◆ RECORDS FOR THE TASK:
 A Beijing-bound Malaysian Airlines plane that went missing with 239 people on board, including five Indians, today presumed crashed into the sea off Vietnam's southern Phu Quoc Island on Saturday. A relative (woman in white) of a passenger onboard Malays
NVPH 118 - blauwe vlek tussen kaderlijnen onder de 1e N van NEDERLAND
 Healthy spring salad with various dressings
* * *
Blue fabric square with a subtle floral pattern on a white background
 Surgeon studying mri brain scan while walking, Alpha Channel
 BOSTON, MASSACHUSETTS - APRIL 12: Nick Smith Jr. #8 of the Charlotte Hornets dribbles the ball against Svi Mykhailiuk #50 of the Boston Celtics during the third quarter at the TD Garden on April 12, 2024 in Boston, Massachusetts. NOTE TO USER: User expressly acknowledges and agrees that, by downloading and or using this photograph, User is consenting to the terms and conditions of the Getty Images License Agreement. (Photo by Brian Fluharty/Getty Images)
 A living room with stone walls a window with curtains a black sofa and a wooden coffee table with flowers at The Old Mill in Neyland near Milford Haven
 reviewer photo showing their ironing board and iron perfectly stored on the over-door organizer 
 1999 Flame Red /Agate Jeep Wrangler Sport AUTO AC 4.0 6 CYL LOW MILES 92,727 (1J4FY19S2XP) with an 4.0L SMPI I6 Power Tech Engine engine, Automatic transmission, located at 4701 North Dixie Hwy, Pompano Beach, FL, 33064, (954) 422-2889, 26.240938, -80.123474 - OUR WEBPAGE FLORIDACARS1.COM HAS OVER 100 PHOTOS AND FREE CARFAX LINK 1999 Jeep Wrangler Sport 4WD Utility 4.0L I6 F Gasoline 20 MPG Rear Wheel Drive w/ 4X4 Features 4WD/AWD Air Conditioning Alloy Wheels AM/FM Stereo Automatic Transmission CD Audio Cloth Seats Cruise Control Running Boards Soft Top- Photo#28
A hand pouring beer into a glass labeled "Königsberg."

◆ ASSIGNMENT:
Answer with a single number: how many lines in the data above have the string "that" in them?

◆ PROBLEM SOLUTION:
2